Reputation: 127
For testing purposes on a project I'm working on, I have a need to, if given a regular expression, randomly generate a string that will FAIL to be matched by it. For instance, if I'm given this regex:
^[abcd]d+
Then I should be able to generate strings such as:
hnbbad
uduebbaef
9f8;djfew
skjcc98332f
...each of which does NOT match the regex, but NOT generate:
addr32
bdfd09usdj
cdddddd-9fdssee
...each of which DO. In other words, I want something like an anti-Xeger.
Does such a library exist, preferably in Python (if I can understand the theory, I can most likely convert it to Python if need be)? I gave some thought to how I could write this, but given the scope of regular expressions, it seemed that might be a much harder problem than what things like Xeger can tackle. I also looked around for a pre-made library to do this, but either I'm not using the right keywords to search or nobody's had this problem before.
Upvotes: 7
Views: 2195
Reputation: 1
Can we reduce the infinite number of possibilities, by restricting to generate strings from a give character set.
For example, I can define the character set, [QWERTYUIOP!@#$%^%^&*))_]
and all the strings I generate randomly should be born from this set.
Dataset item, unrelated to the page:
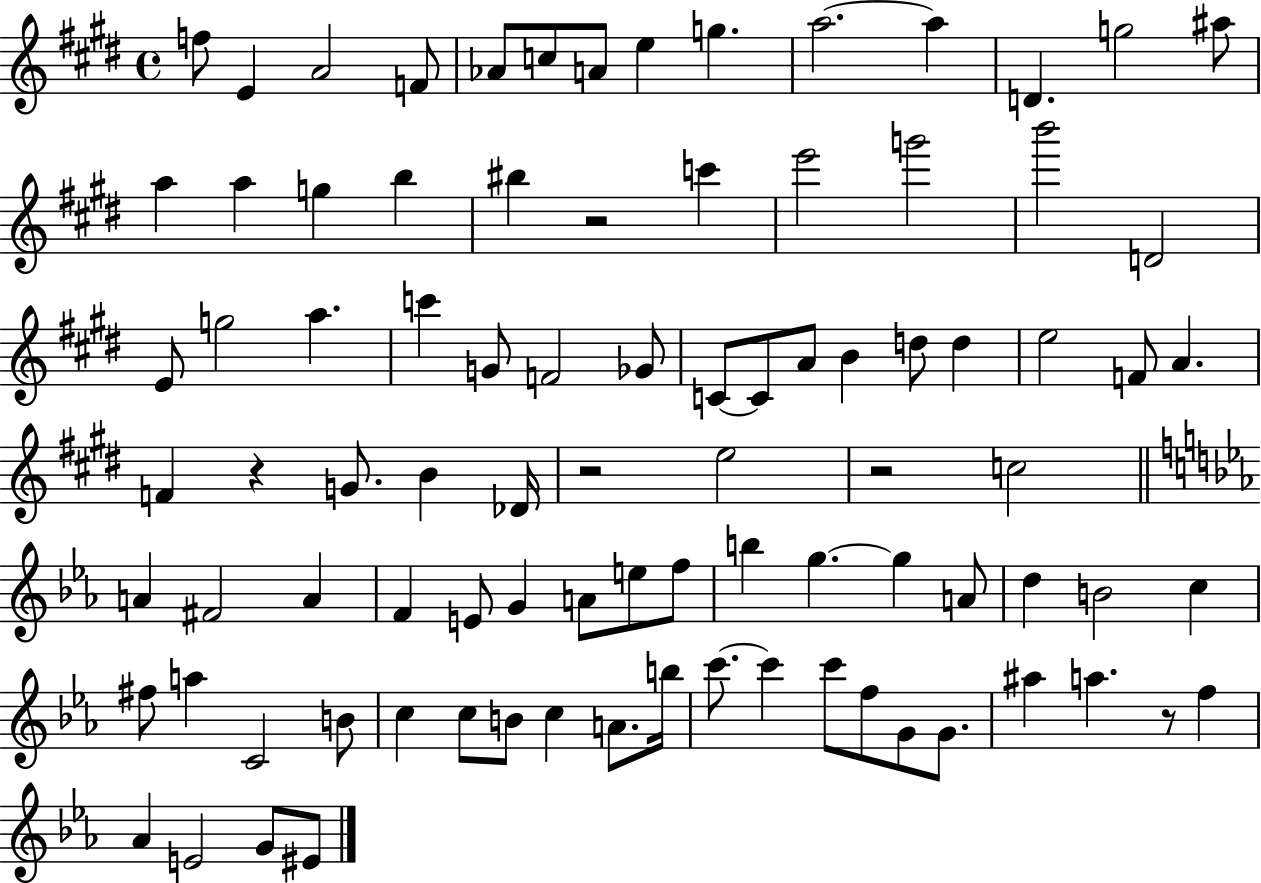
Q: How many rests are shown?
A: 5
That way we can reduce the infinite nature of this problem?
In fact even I am looking for a utility like this, preferably in Python.
Upvotes: 0
Reputation: 34395
No this is impossible. There are an infinite number of regexes that match every string in the known universe. For example:
/^/
/.*/
/[^"\\]*(\\.[^"\\]*)*$/
etc.
This is because all these regexes can match nothing at all (which is something all strings have!)
Upvotes: 2
Reputation: 838706
My initial instinct is, no, such a library does not exist because it's not possible. You can't be sure that you can find a valid input for any arbitrary regular expression in a reasonable amount of time.
For example, proving whether a number is prime is believed to be a hard to solve mathematical problem. The following regular expression matches any string which is at least 10000 characters long and whose total length is a prime number:
(?!(..+)\1+$).{10000}
I doubt that any library exists that can find a valid input to this regular expression in reasonable time. And this is a very easy example with a simple solution, e.g. 'x' * 10007
will work. It would be possible to come up with other regular expressions that are much harder to find valid inputs for.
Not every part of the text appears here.